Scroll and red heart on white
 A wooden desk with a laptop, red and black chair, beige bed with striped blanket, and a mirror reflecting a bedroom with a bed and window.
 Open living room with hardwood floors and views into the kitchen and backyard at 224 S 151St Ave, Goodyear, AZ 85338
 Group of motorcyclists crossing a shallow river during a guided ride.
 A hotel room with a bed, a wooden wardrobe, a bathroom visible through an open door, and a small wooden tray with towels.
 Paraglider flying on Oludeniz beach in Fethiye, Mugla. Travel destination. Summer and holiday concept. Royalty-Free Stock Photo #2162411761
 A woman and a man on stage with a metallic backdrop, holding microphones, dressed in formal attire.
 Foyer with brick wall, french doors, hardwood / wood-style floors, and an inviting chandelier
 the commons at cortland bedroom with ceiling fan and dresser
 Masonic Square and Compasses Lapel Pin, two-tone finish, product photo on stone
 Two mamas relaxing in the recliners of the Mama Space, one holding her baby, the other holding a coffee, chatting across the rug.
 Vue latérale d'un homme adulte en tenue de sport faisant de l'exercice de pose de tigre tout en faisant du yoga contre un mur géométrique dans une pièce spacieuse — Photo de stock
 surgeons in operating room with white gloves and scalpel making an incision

────────────────────────────────────────

#### What you need to do:
If a line in the data above holds the string "bedroom", copy it.

#### Solution for this task:
 A wooden desk with a laptop, red and black chair, beige bed with striped blanket, and a mirror reflecting a bedroom with a bed and window.
 the commons at cortland bedroom with ceiling fan and dresser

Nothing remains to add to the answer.